Decreto Regulamentar n.º 3/2018 — Altera as orgânicas da Secretaria-Geral e da Direção-Geral de Política Externa do Ministério dos Negócios Estrangeiros

Tipo Decreto-Regulamentar
Publicação 2018-01-25
Estado Em vigor
Texto Tal como publicado
Ministério Negócios Estrangeiros
Fonte DRE
artigos 8

Este é o ato tal como foi publicado. As alterações posteriores não estão incorporadas no texto: cada uma é um ato autónomo neste repositório e uma entrada no historial desta lei.

Altera as orgânicas da Secretaria-Geral e da Direção-Geral de Política Externa do Ministério dos Negócios Estrangeiros

Histórico de alterações JSON API

de 25 de janeiro

Decorridos alguns anos de aplicação do regime orgânico do Ministério dos Negócios Estrangeiros, torna-se necessário ajustar o modelo de funcionamento dos seus serviços internos e externos de forma a compatibilizá-lo com as especificidades próprias deste departamento governamental.

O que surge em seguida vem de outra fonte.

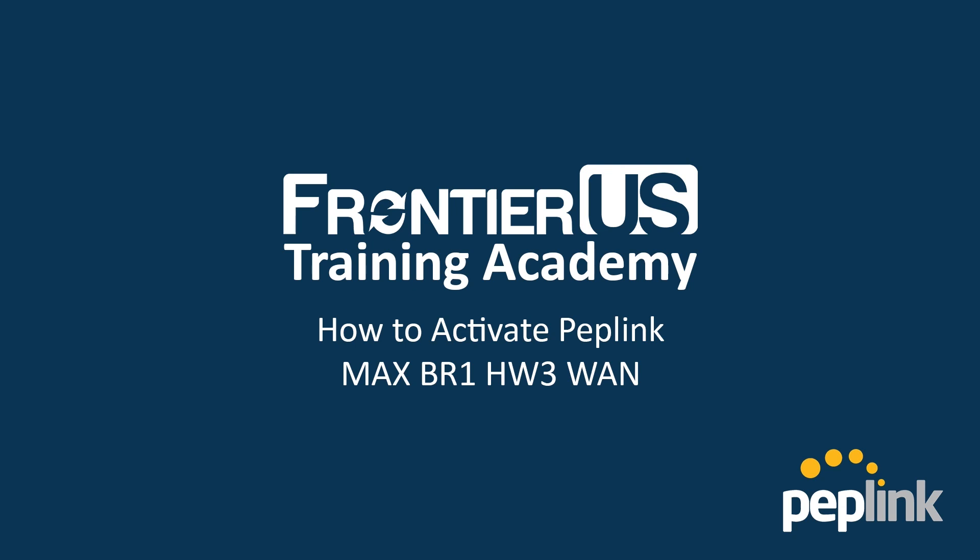Hello and welcome to Frontier U.S. Training Academy. If you have purchased the Feature Pack, this video will show you how to activate the WAN functionality on a Peplink MAX-BR1 Hardware Revision 3.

Com efeito, a área de governação dos negócios estrangeiros confere, por tradição, competências invulgares na Administração Pública ao seu secretário-geral, que detém poderes de representação dos membros do Governo com competências na área dos negócios estrangeiros, mas também é vértice da hierarquia interna dos serviços, tratando-se do chefe da carreira diplomática. Importa, pois, adequar os poderes do secretário-geral à proeminência que deve ter a primeira figura da carreira diplomática, atribuindo à Secretaria-Geral um papel mais relevante na elaboração e acompanhamento das linhas estratégicas da política externa portuguesa.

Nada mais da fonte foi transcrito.